Background: Cardiovascular disease is the leading cause of death in the chronic kidney disease (CKD) population. The mechanisms of vascular damage are not fully understood. The objective of this study was to prospectively investigate the importance of novel mediators of vascular damage, in conjunction with vascular calcification (VC), on survival.
Methods: A total of 134 subjects [60 haemodialysis (HD), 28 peritoneal dialysis (PD) and 46 CKD stage 4] were studied. All survivors completed 40 months of follow-up. VC was measured using multi-slice spiral CT of the superficial femoral artery. Circulating osteoprotegerin (OPG), Fetuin-A and high sensitivity C-reactive protein (hs-CRP) were measured in addition to standard clinical biochemical analysis.

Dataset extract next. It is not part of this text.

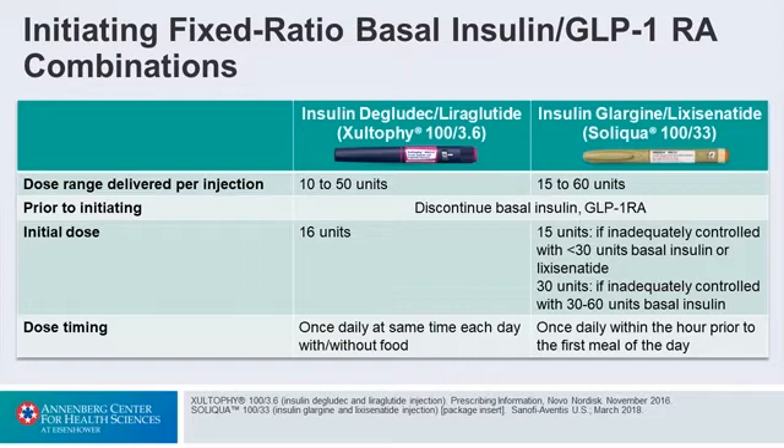If you chose Glargine, which she's actually already taking, you would choose 15 units and gradually up-titrate. You would give Idaglira at the same time every day. Because Lixisenatide has very powerful postprandial effects, I would give it before the first meal of the day.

Results: After a 40-month follow-up, 31 patients had died (27 men and 4 women). Of 31 subjects, 31 had evidence of significant VC. The majority of deaths were in the HD group (48%), 36% were PD subjects and 16% were CKD subjects. The outcome of interest was survival at the end of follow-up. Multivariate logistical regression analysis revealed male gender [OR 8.06 (1.34-48.450) P = 0.02], OPG >25 pmol/L [OR 5.31(1.35-20.88) P = 0.02] and hypoalbuminaemia [OR 0.26 (0.12-0.56) P < 0.01], were associated with increased odds of death.
Conclusion: We have previously reported that VC and low albumin predict death in CKD stages 4 and 5 over a 2-year follow-up period. These data show that OPG, independent of CRP, is also associated with a negative outcome. The mechanisms remain to be elucidated; however, it is likely that they are associated with vascular damage through mechanisms in addition to VC.